*Problem to work on*. The records below must be repeated exactly, but without their pictures.

(Image-text web data)
- Opening Delimiter -

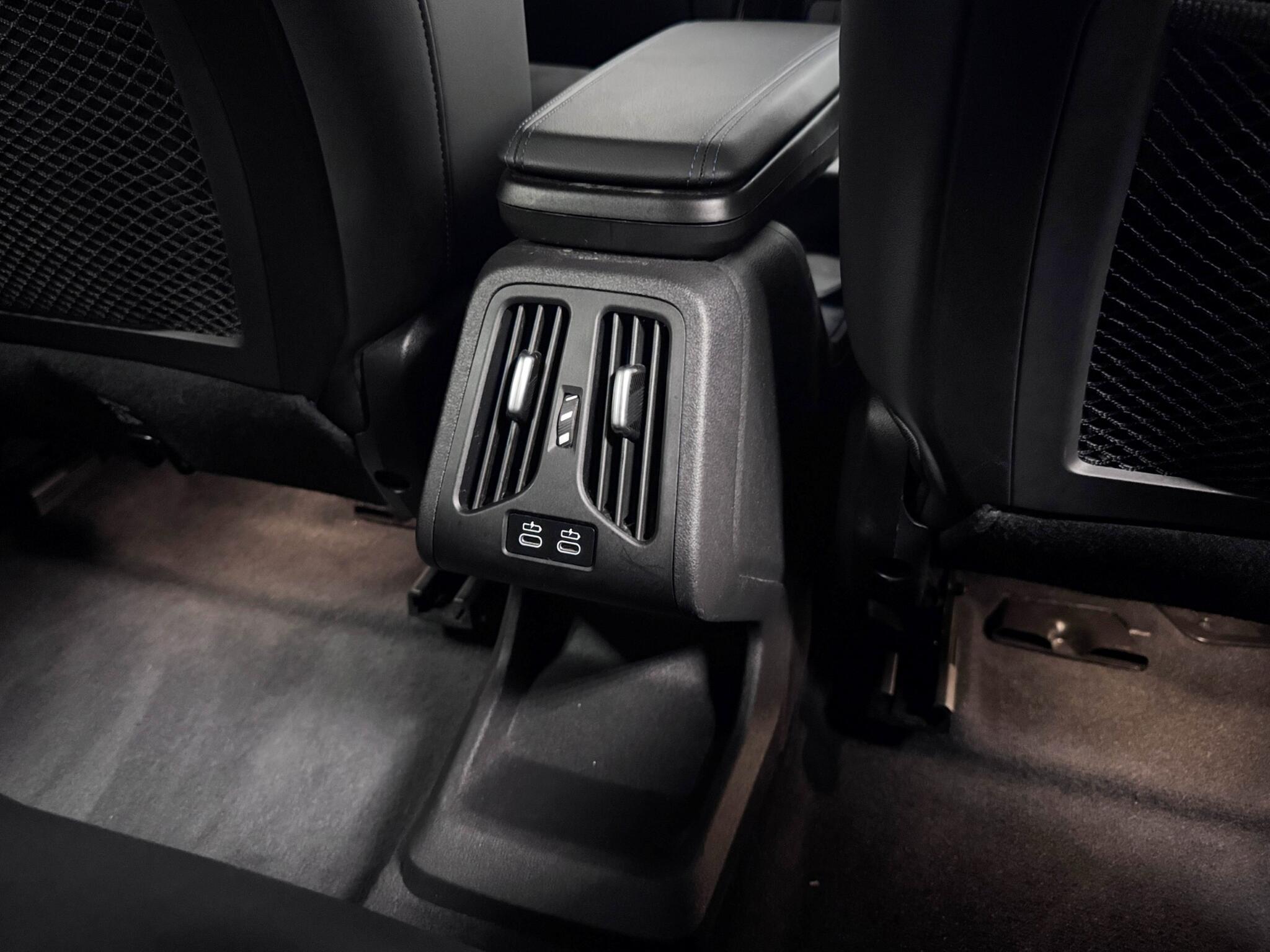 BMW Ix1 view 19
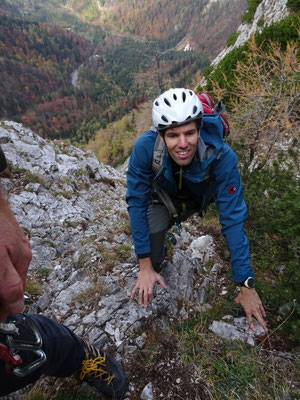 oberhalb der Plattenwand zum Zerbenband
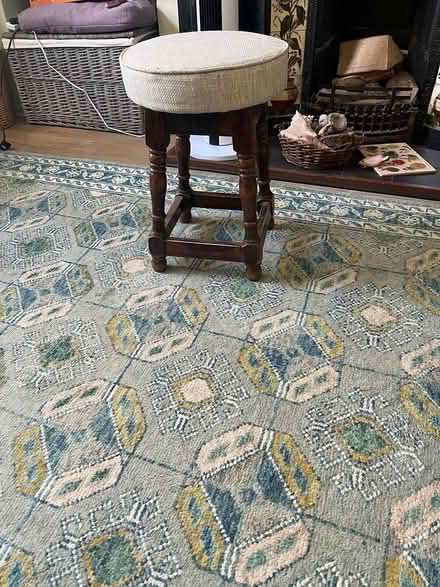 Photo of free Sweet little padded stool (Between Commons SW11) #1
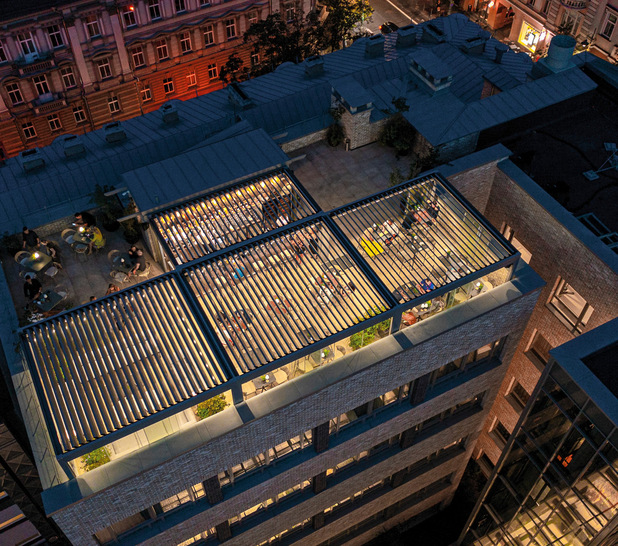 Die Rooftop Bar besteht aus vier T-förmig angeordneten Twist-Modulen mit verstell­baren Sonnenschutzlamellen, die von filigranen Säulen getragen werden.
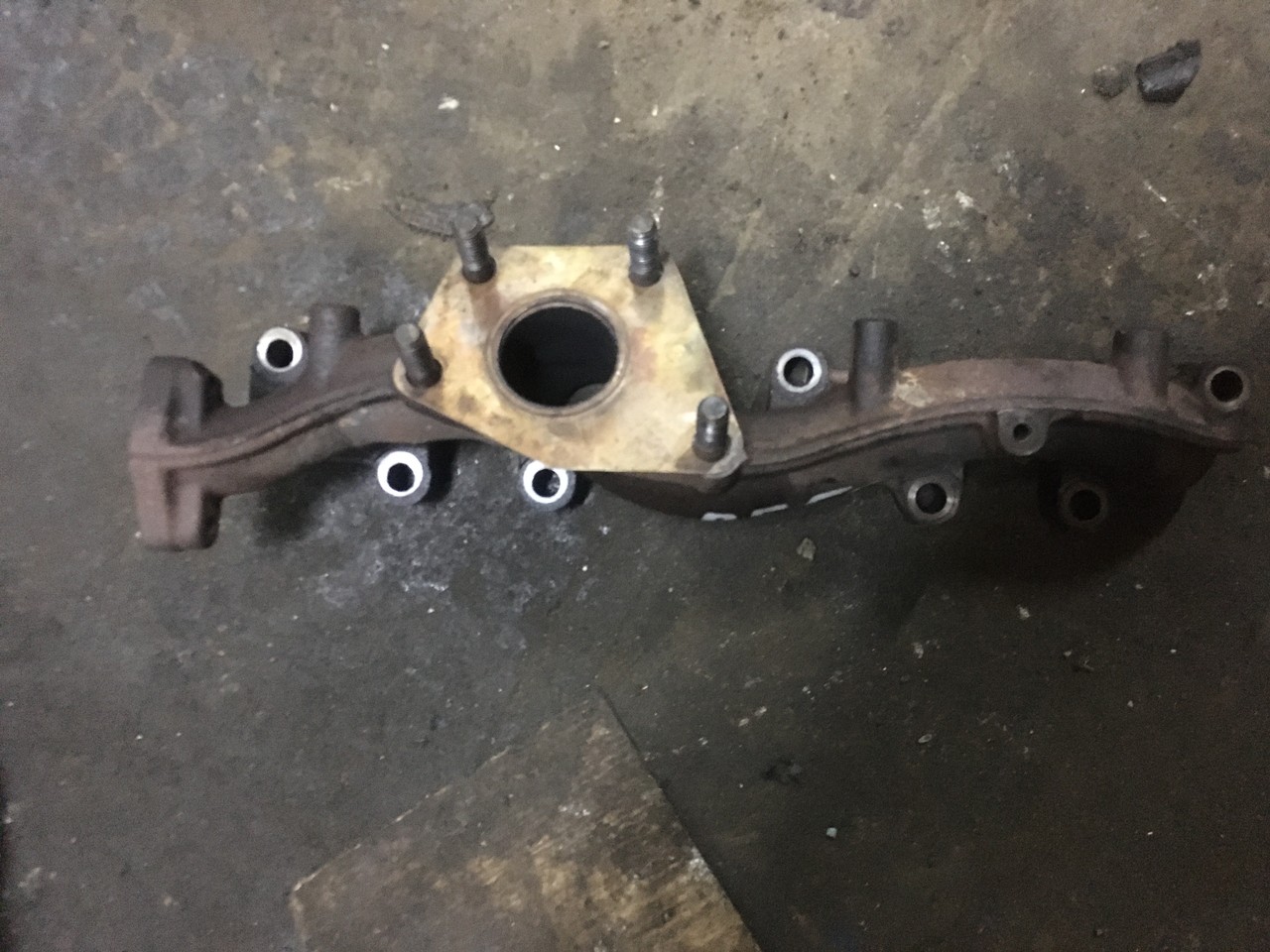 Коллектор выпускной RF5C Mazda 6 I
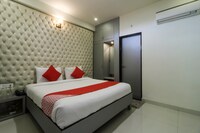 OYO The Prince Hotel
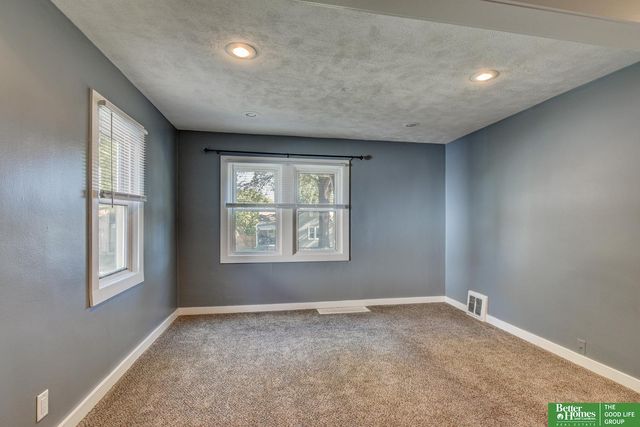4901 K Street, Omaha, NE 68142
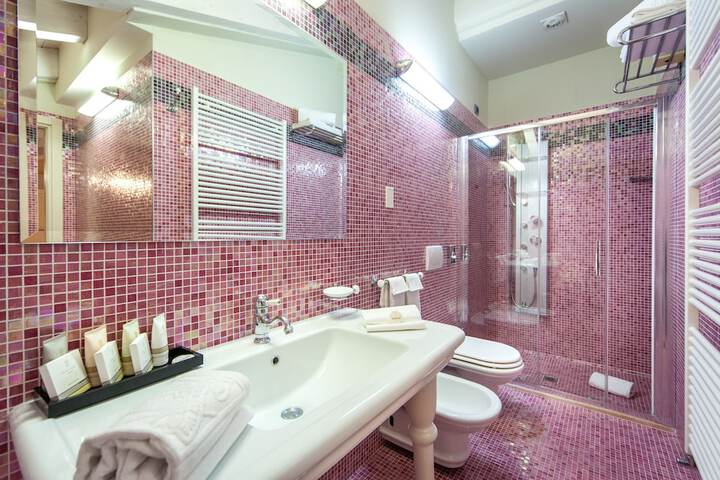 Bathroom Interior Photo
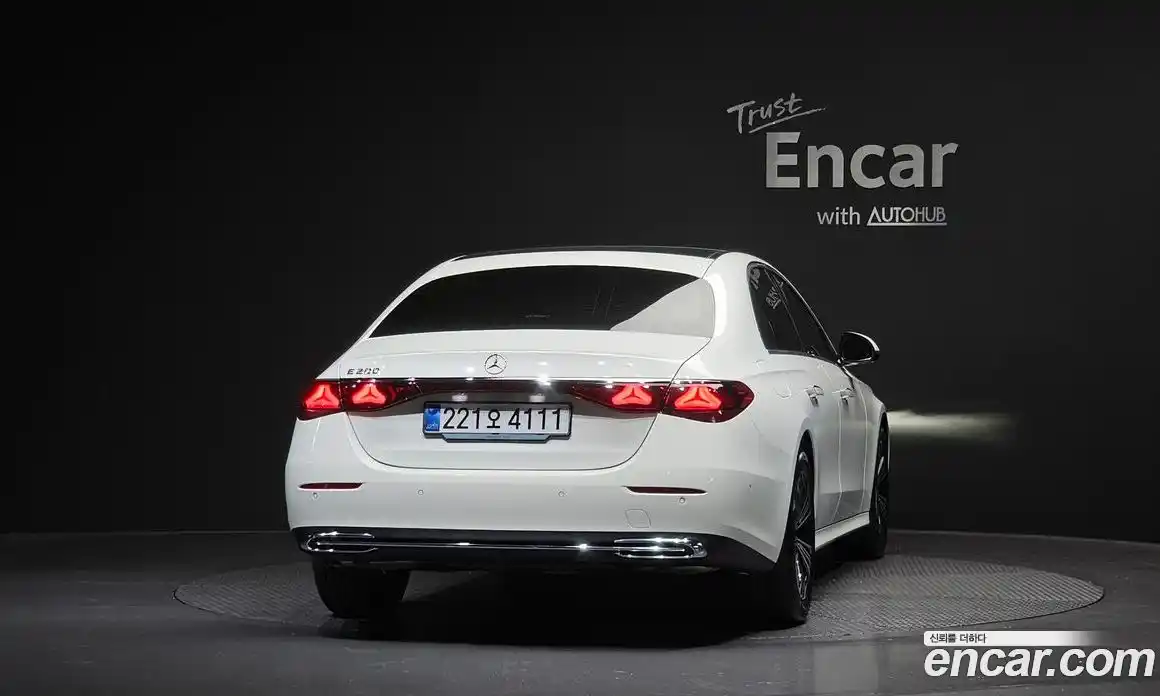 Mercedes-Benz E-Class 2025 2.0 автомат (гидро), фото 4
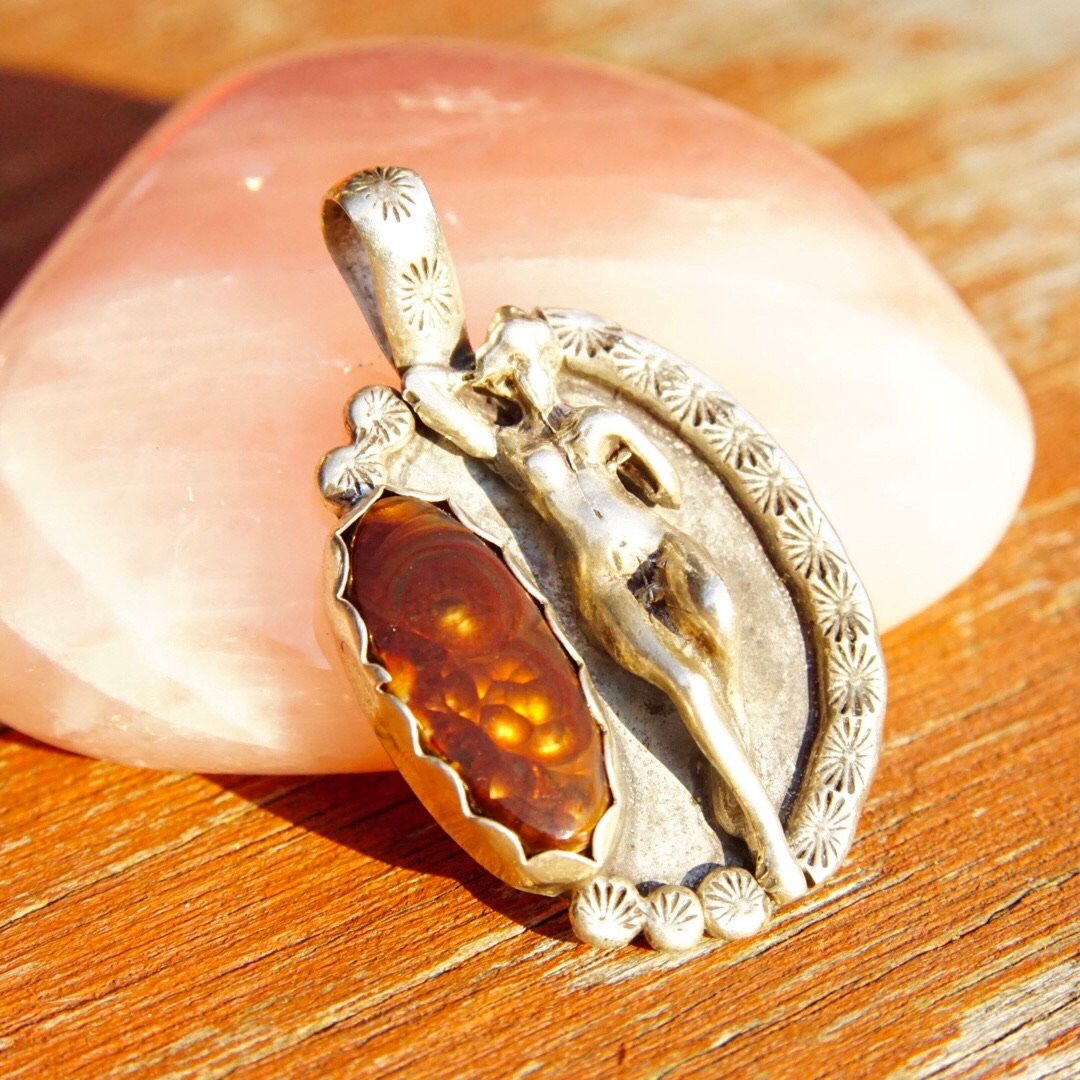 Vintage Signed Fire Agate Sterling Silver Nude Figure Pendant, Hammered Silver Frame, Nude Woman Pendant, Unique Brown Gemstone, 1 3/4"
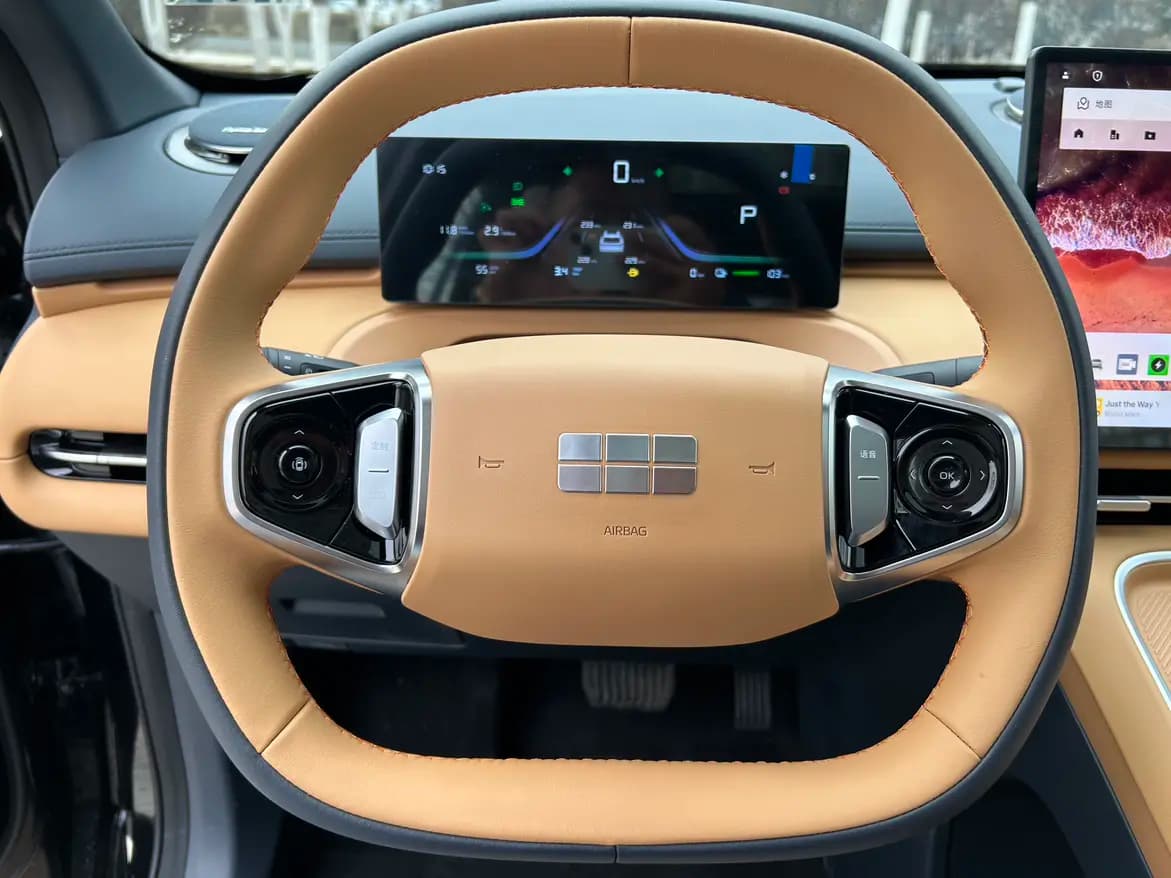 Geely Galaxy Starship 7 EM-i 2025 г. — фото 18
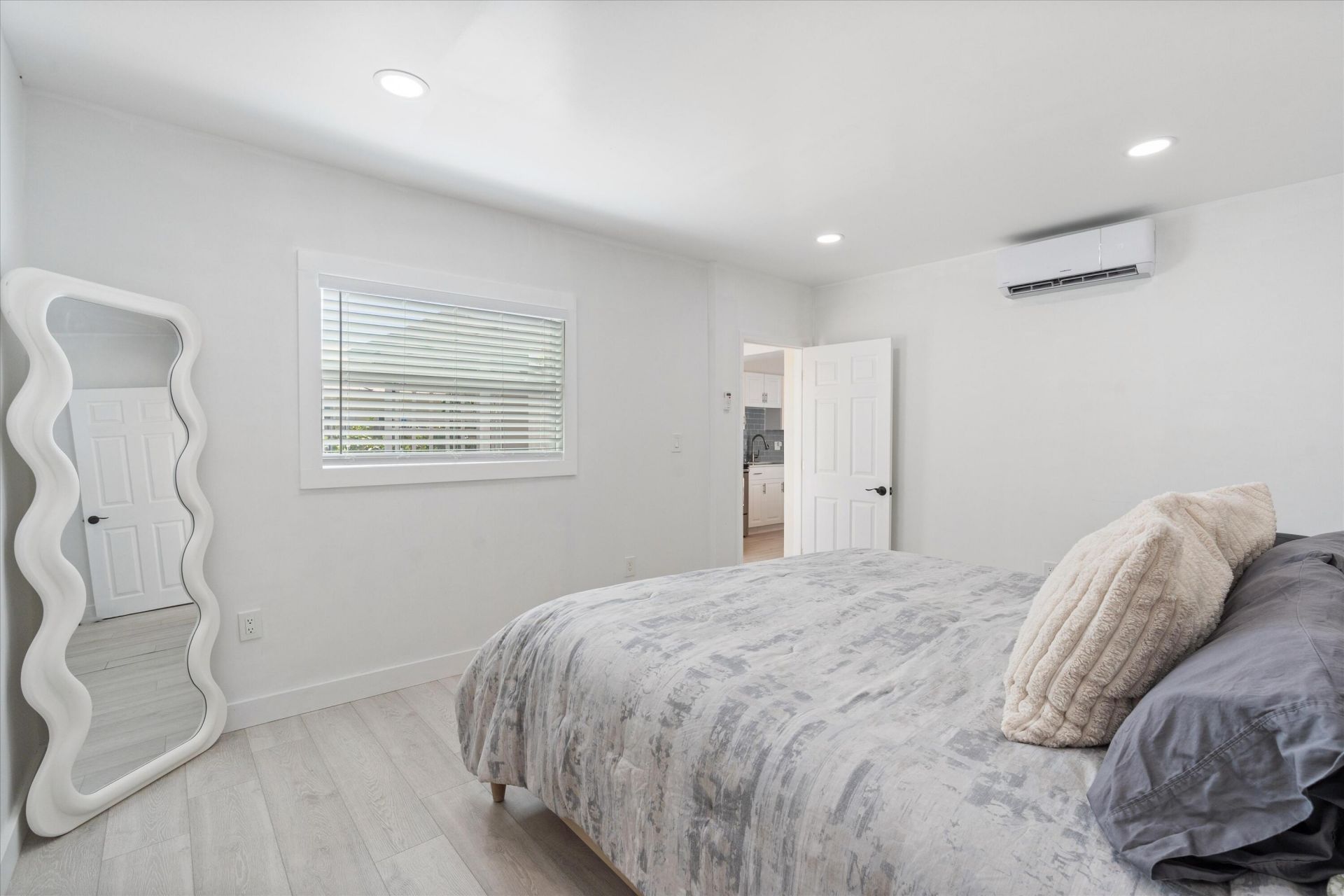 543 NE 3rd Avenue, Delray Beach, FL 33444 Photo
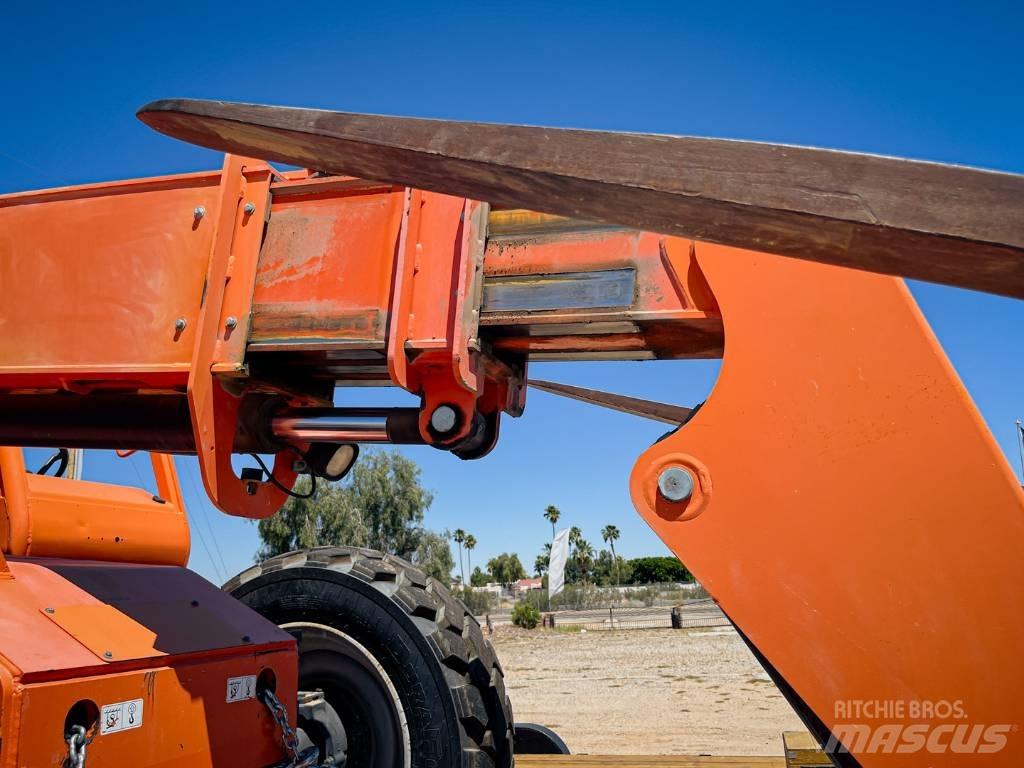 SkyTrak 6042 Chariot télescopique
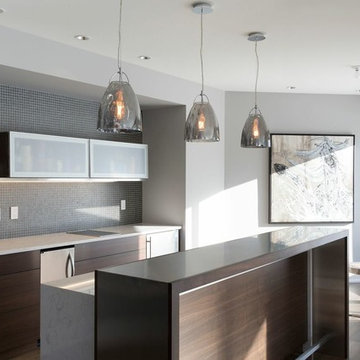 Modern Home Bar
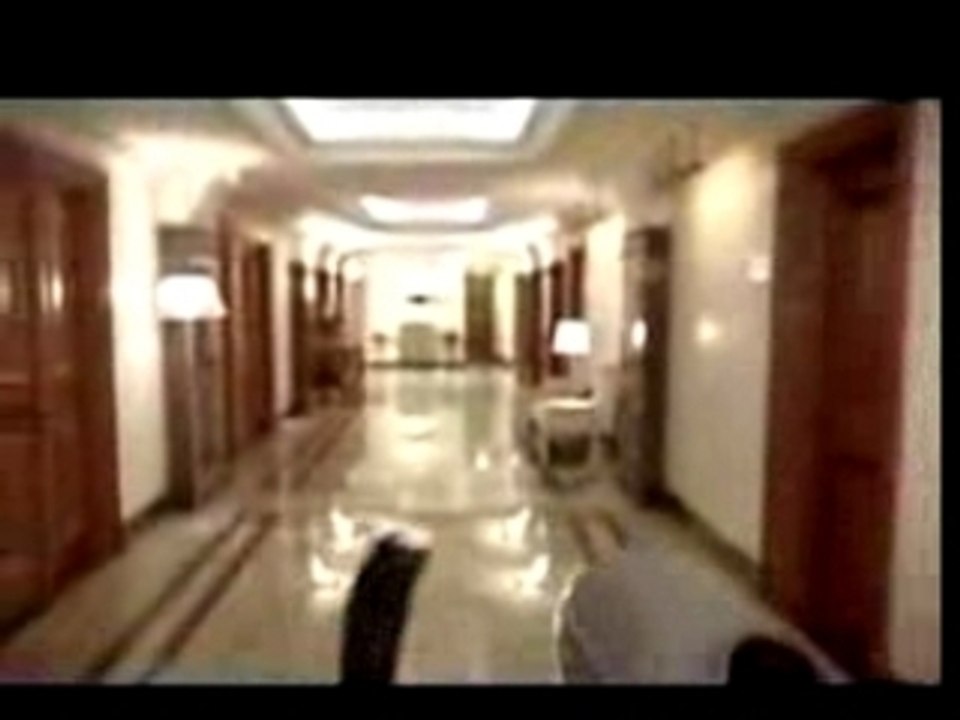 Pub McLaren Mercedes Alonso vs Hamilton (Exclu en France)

- Closing Delimiter -

*Response below*.
 BMW Ix1 view 19
 oberhalb der Plattenwand zum Zerbenband
 Photo of free Sweet little padded stool (Between Commons SW11) #1
 Die Rooftop Bar besteht aus vier T-förmig angeordneten Twist-Modulen mit verstell­baren Sonnenschutzlamellen, die von filigranen Säulen getragen werden.
 Коллектор выпускной RF5C Mazda 6 I
 OYO The Prince Hotel
4901 K Street, Omaha, NE 68142
 Bathroom Interior Photo
 Mercedes-Benz E-Class 2025 2.0 автомат (гидро), фото 4
 Vintage Signed Fire Agate Sterling Silver Nude Figure Pendant, Hammered Silver Frame, Nude Woman Pendant, Unique Brown Gemstone, 1 3/4"
 Geely Galaxy Starship 7 EM-i 2025 г. — фото 18
 543 NE 3rd Avenue, Delray Beach, FL 33444 Photo
 SkyTrak 6042 Chariot télescopique
 Modern Home Bar
 Pub McLaren Mercedes Alonso vs Hamilton (Exclu en France)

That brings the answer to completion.